What you will do
A verbatim copy of all the data is required; the pictures should not appear in it.

Data excerpt
════════
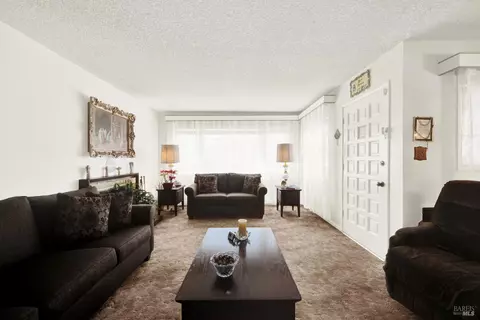 Living - 138 Toyon Dr, Vallejo, CA 94589 photo 2 of 5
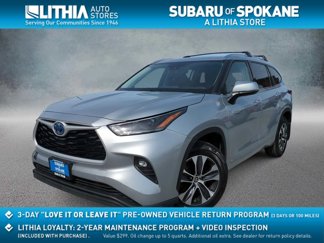 Used 2021 Toyota Highlander XLE image 1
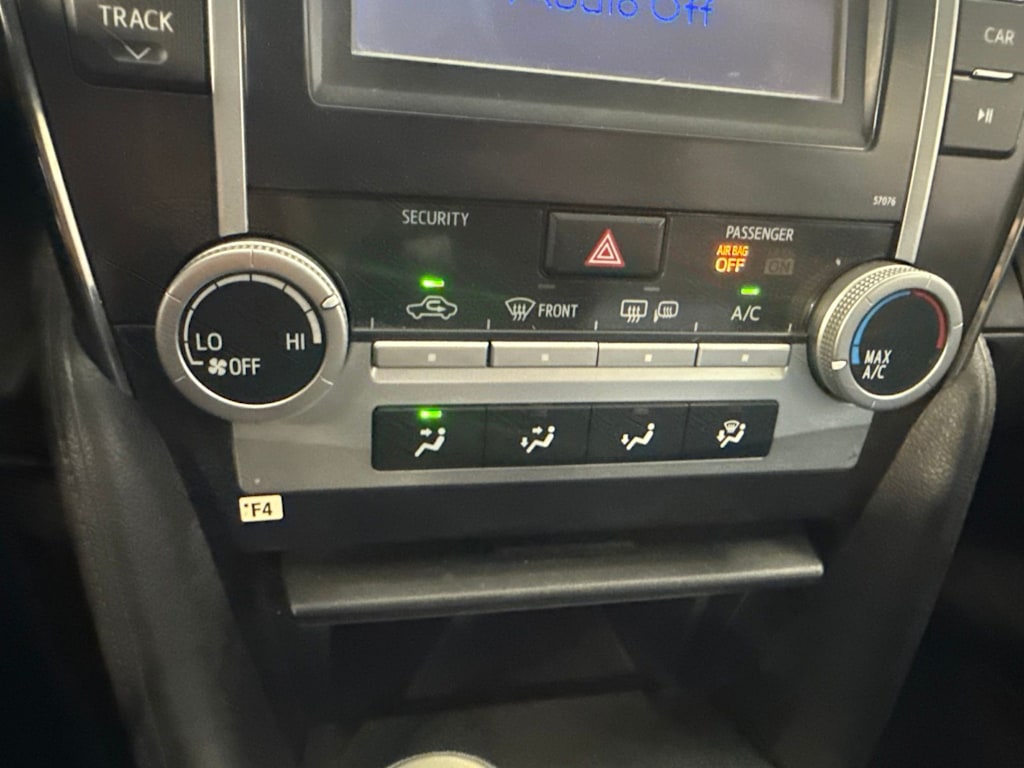 Thumbnail: 2013 Toyota Camry - 29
════════
Answer area
 Living - 138 Toyon Dr, Vallejo, CA 94589 photo 2 of 5
 Used 2021 Toyota Highlander XLE image 1
 Thumbnail: 2013 Toyota Camry - 29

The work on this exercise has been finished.